_The problem_: Only one stretch of the data is wanted: the line containing "Silver Bremont Terra", the line containing "View of side", and every line between them, copied exactly.

Source data START

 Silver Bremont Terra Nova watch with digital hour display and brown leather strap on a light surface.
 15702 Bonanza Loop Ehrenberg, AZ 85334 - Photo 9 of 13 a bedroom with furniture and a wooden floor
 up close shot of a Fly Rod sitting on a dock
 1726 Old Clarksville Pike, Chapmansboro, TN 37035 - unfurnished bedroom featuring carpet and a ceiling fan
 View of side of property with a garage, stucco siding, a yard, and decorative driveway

Source data END
Source data START

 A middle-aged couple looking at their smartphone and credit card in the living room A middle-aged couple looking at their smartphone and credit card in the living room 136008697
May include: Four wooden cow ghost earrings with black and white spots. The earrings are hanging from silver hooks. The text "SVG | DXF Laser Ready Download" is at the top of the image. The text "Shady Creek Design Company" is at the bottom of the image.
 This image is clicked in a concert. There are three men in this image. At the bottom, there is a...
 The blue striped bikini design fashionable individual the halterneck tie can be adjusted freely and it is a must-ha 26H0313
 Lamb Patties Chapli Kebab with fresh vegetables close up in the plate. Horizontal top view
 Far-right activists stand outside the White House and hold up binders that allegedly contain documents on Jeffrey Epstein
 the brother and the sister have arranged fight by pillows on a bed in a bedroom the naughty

Source data END

_Result of the task_:
 Silver Bremont Terra Nova watch with digital hour display and brown leather strap on a light surface.
 15702 Bonanza Loop Ehrenberg, AZ 85334 - Photo 9 of 13 a bedroom with furniture and a wooden floor
 up close shot of a Fly Rod sitting on a dock
 1726 Old Clarksville Pike, Chapmansboro, TN 37035 - unfurnished bedroom featuring carpet and a ceiling fan
 View of side of property with a garage, stucco siding, a yard, and decorative driveway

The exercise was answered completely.